Dad and I ate at the Elk Inn's restaurant for dinner. I am allowed one meal during every shift that I work this summer so I was anxious to see what my options would be. Turns out they are fairly limited, but the food wasn't bad. Our waitress, also a new employee, was from Minnesota and asked if we would like the fried Rocky Mountain oyster appetizer that was on special. Islanders who are not known to pass up seafood, Dad and I said yes, but regretted this decision as the oysters tasted horrendous. Each bite was chewy and bitter and had an odd burnt flavour to it. Obviously, being over 900 miles away from the nearest ocean, we didn't expect much, but these were just plain weird.
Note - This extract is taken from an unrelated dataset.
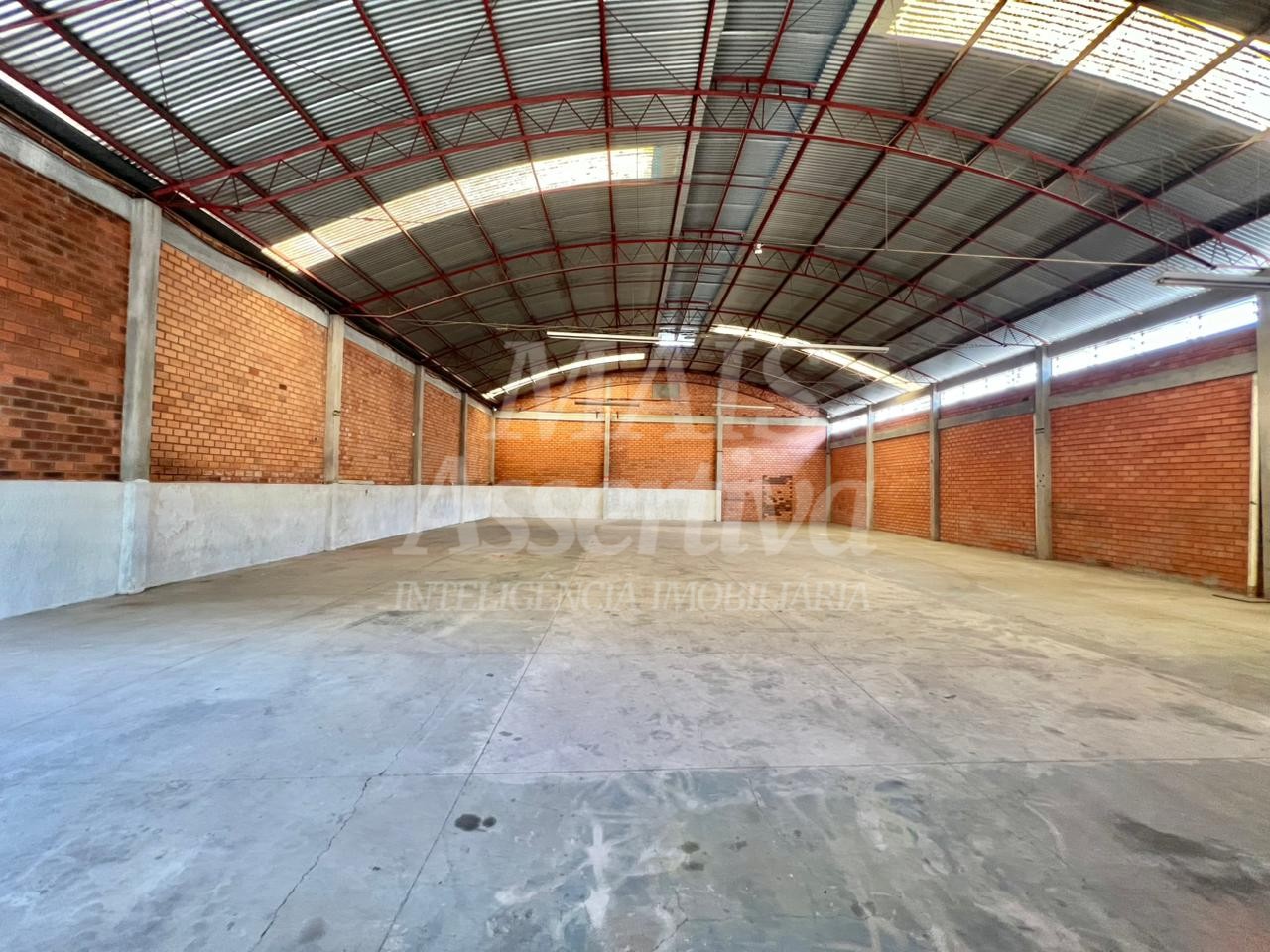 Prédio comercial de 400m² para locação na Rua Guia Lopes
Still, they didn't taste like they had gone bad and we were compelled to finish the ten between us because a) who wastes oysters? and b) we didn't want to be rude (although I'll admit the islander in me was going, How did you mess these up so egregiously?). When the waitress asked how they were my dad responded, "Were those actually oysters?" The girl look confused. "I think so," she said. "Did they not taste like oysters?"

"They were a little strange," I admitted.

"And they were flat," Dad said, "oysters are normally thicker."

The girl nodded. "I've never actually had oysters before so I wouldn't know."

"Are they supposed to be fresh?" I asked, genuinely curious as to whether there were salt water refineries in Colorado. I remembered a couple sitting behind us at the restaurant from the previous night (our first night in Colorado) eating oysters on the half-shell. Maybe Colorado was trying to reap the benefits of expensive seafood.

The girl said she found the concept of Rocky Mountain oysters strange, too, but assumed they came out of the ocean and were frozen.

Dad and I then headed over to a grocery store to pick up some things for breakfast. We ran into the Scooby-Doo Mystery Machine and by the time we headed back to the hotel it was snowing...again. The predication was a foot of snow by 4 a.m.

Before bed, I called my boyfriend again and told him about the rest of the day. I started to tell him about the Rocky Mountain oysters and he stopped me: "You didn't eat those, did you?"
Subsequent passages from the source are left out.